The overwhelmed Zips find themselves behind 41–3 at halftime against Penn State, who subs in the backups, Penn State scores once in the third to make it 48–3, and Akron scores a late, meaningless touchdown against the Lions to bring the score to 48–10, with this being Galen Hall's first game as an offensive coordinator. This game gave Penn State fans false hope that their team was on the rebound from their 3–9 season last year. ESPN described the offense as "looking unstoppable", which led to the Lions being favored over Boston College the following week.

|  | 1 | 2 | 3 | 4 | Total |
|---|---|---|---|---|---|
| Akron | 3 | 0 | 0 | 7 | 10 |
| Penn State | 21 | 20 | 7 | 0 | 48 |

===Boston College===

Boston College takes a 14–0 halftime lead at home over the Nittany Lions, and then takes a 21–7 lead after three for the game's final points. Sloppy play on offense ultimately doomed Penn State as Boston College becomes the first of three teams to score 20 or more points on a defense that didn't allow more than 21 points all year and the only team to score 21 offensive points on the Nittany Lions.

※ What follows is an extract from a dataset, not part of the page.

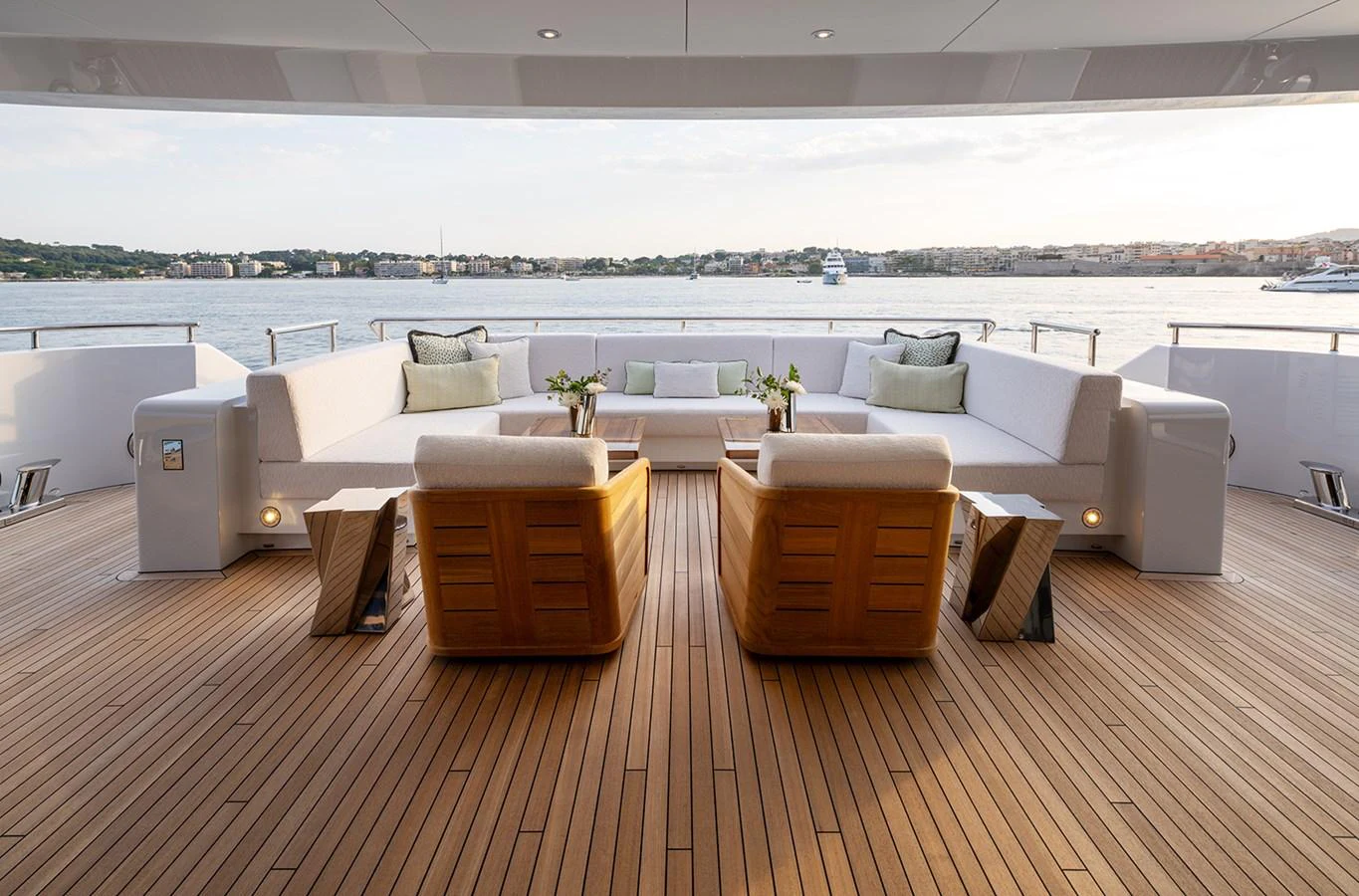 The aft deck offers a spacious and inviting seating area with a stunning view of the water. aboard SOLEMATES Yacht for Sale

|  | 1 | 2 | 3 | 4 | Total |
|---|---|---|---|---|---|
| Penn State | 0 | 0 | 7 | 0 | 7 |
| Boston College | 7 | 7 | 7 | 0 | 21 |

===UCF===

Despite sloppy play and mistakes, the Golden Knights couldn't help but find themselves blown out by a much better Penn State team. After falling behind 3–0 in the first quarter, the Nittany Lions make it 21–6 at halftime and 30–6 after three thanks to a touchdown and a safety. The backups are subbed in for the fourth, both teams score, and it's 37–13 as the final score.

|  | 1 | 2 | 3 | 4 | Total |
|---|---|---|---|---|---|
| UCF | 3 | 3 | 0 | 7 | 13 |
| Penn State | 0 | 21 | 9 | 7 | 37 |

===Wisconsin===

In a defensive game, three of Penn State's quarterbacks were injured. Zack Mills was knocked out for the game, sustained a concussion, and backup Michael Robinson was taken away in an ambulance after sustaining life-threatening injuries from a vicious hit. Third stringer Chris Ganter did little against the Badgers' defense with Penn State only managing a field goal in the third quarter, barely preserving their streak of games without being shut out. Wisconsin only scored 16 points, which was well below their average for the year.

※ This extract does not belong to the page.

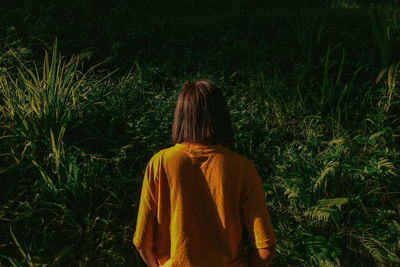 Rear view of woman standing on field in forest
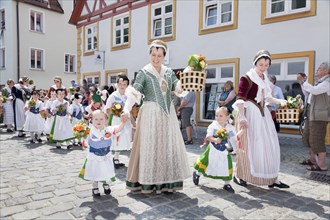 Women and children during a parade through the historic town centre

|  | 1 | 2 | 3 | 4 | Total |
|---|---|---|---|---|---|
| Penn State | 0 | 0 | 3 | 0 | 3 |
| Wisconsin | 7 | 6 | 3 | 0 | 16 |

===Minnesota===

After the game, Minnesota players had said that they had not seen a defense of Penn State's caliber before, but won because of Penn State's offensive weaknesses, still, Penn State's defense kept them in the game for the majority of the game, which would be true for every game this season.

|  | 1 | 2 | 3 | 4 | Total |
|---|---|---|---|---|---|
| Penn State | 0 | 0 | 7 | 0 | 7 |
| Minnesota | 10 | 0 | 6 | 0 | 16 |

===Purdue===

Purdue managed only their second Big Ten win in history over Penn State by holding on for a 20–13 win at Beaver Stadium. It was a 10–10 tie and 17–13 after three, but Purdue's final field goal was enough to win it. Purdue's historic losses to Penn State include a loss in 2000 to a 5–7 Nittany Lions team while Purdue themselves were Big Ten champions, representing themselves at the Rose Bowl.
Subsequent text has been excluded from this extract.